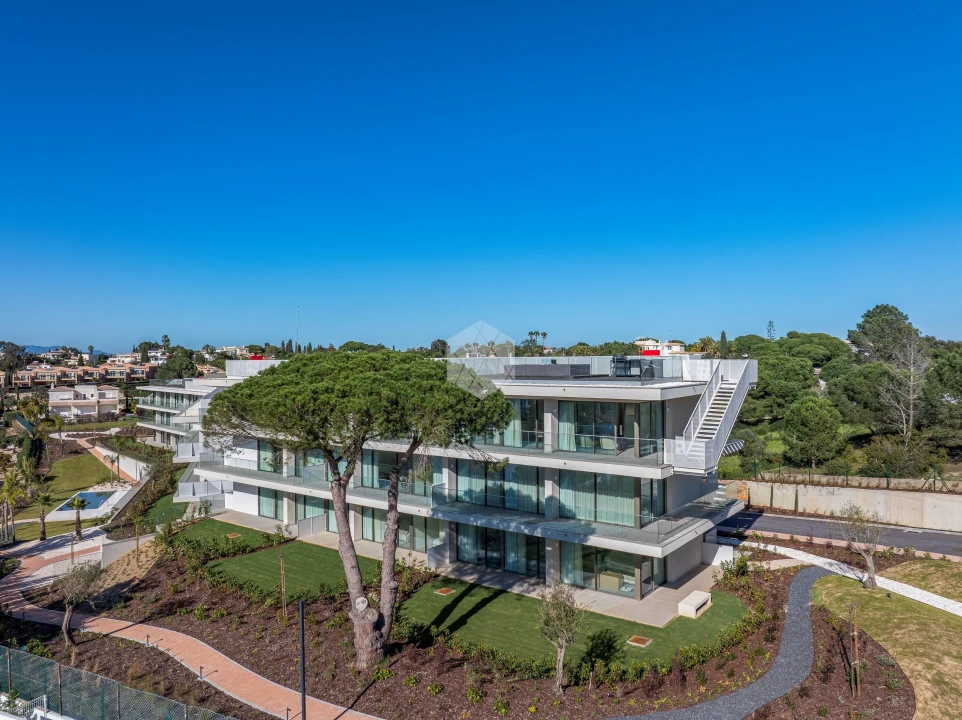 Apartamento T4 para Venda em Lagoa e Carvoeiro Foto 1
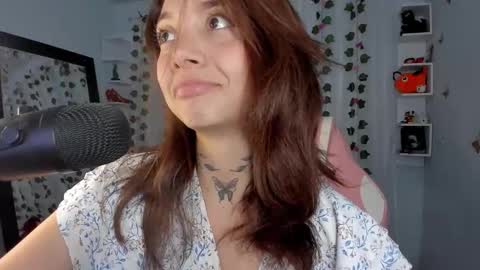 azumi saan online show from November 12, 2025, 2:56 am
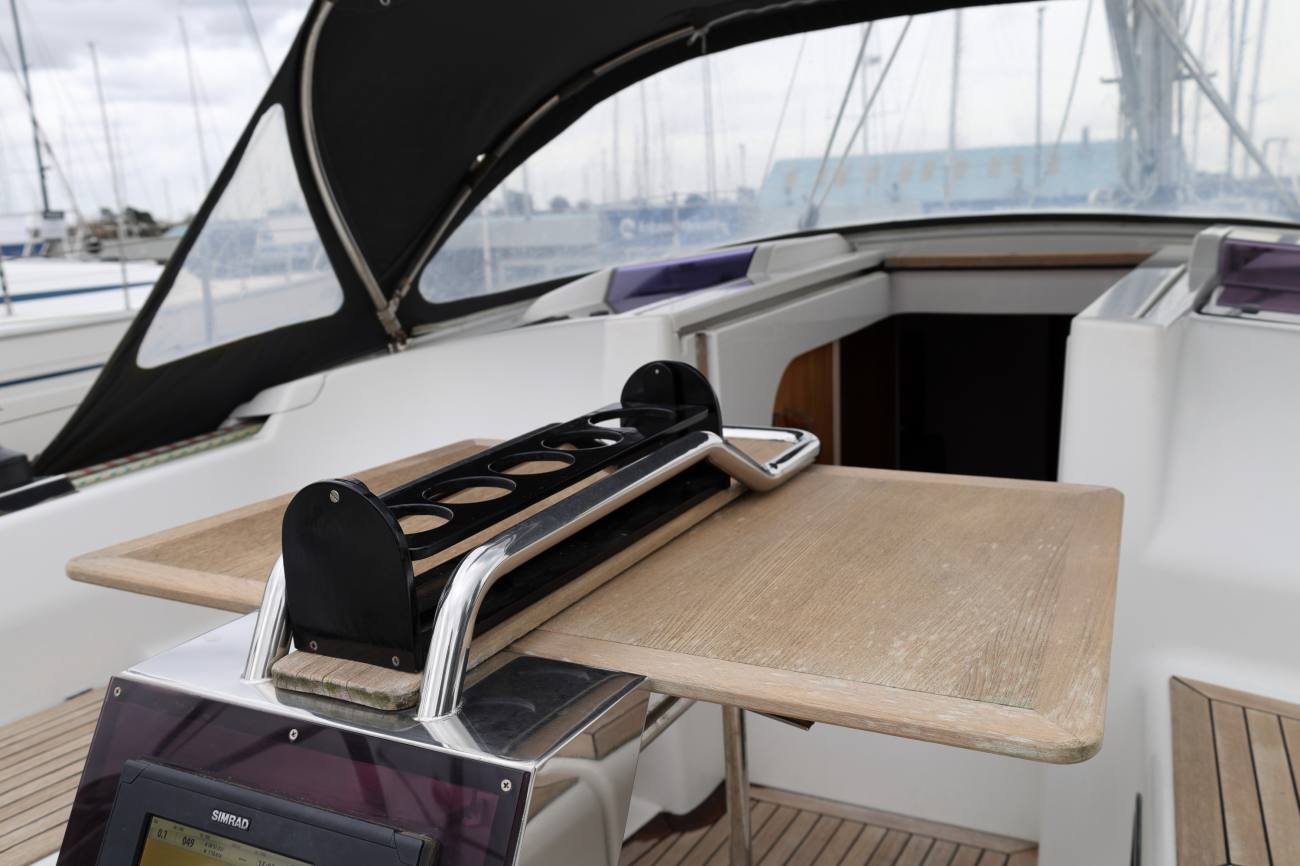 Hanse 345 Cockpit Table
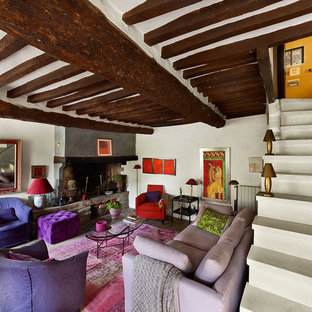 Inspiration för stora moderna allrum med öppen planlösning, med vita väggar, klinkergolv i terrakotta, en standard öppen spis och ett finrum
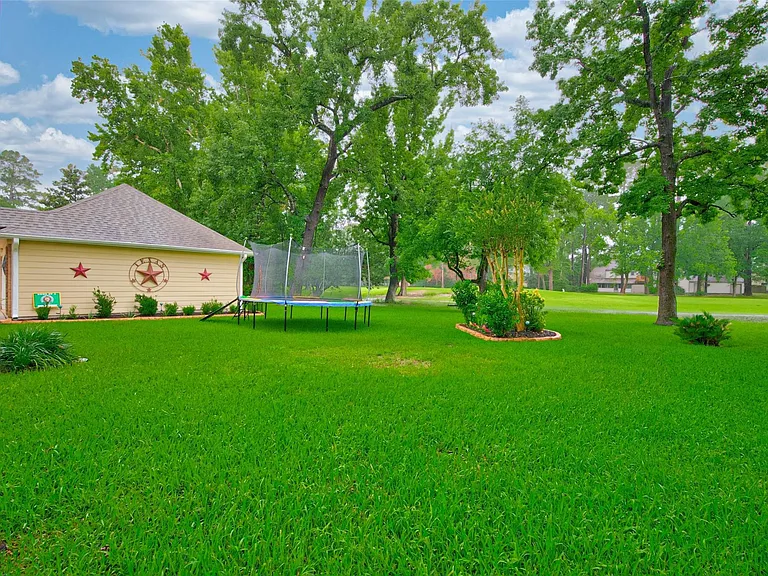 746 Stone Mountain Dr — Photo 48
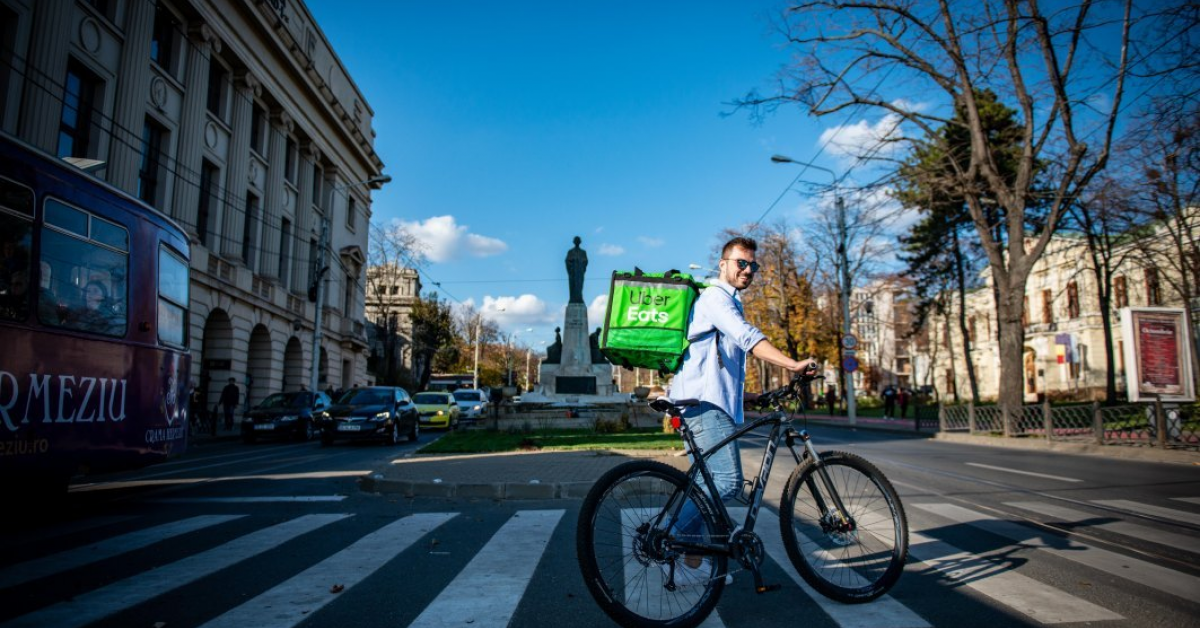 Aplicația de livrare de mâncare Uber Eats se retrage din România din iunie 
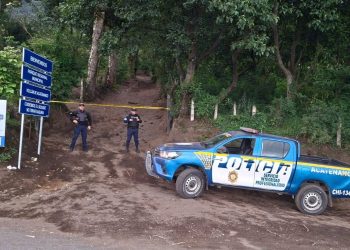 SISTEMA CONRED RESGUARDA INGRESO AL VOLCÁN ACATENANGO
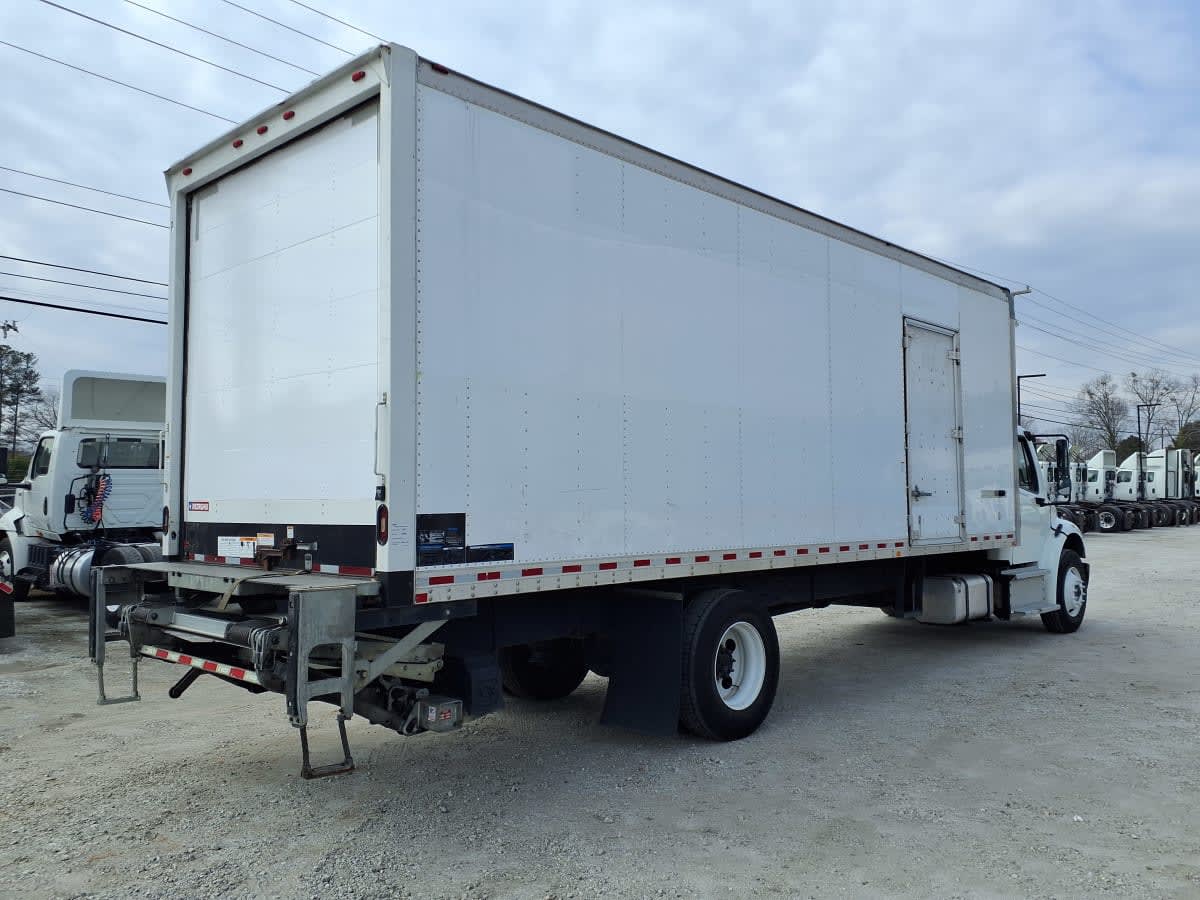 2019 Freightliner/Mercedes M2 106 819297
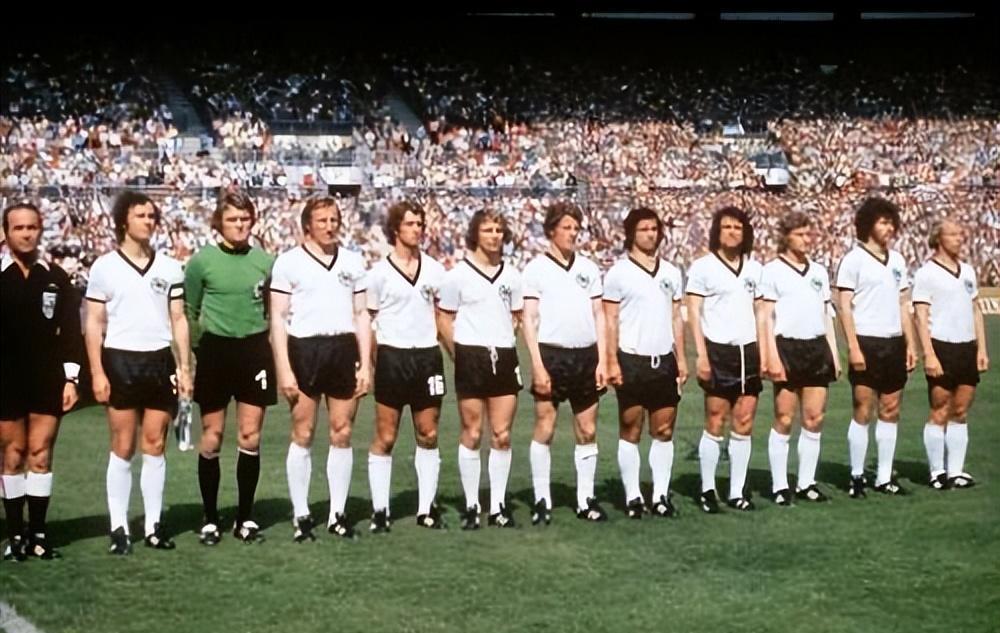 贝肯鲍尔究竟有多强,贝肯鲍尔地位有多高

Your assignment - Lines from the one containing "azumi saan online" through the end of the material above must be reproduced exactly; pictures must not be.

Response to this task -
 azumi saan online show from November 12, 2025, 2:56 am
 Hanse 345 Cockpit Table
 Inspiration för stora moderna allrum med öppen planlösning, med vita väggar, klinkergolv i terrakotta, en standard öppen spis och ett finrum
 746 Stone Mountain Dr — Photo 48
 Aplicația de livrare de mâncare Uber Eats se retrage din România din iunie 
 SISTEMA CONRED RESGUARDA INGRESO AL VOLCÁN ACATENANGO
 2019 Freightliner/Mercedes M2 106 819297
 贝肯鲍尔究竟有多强,贝肯鲍尔地位有多高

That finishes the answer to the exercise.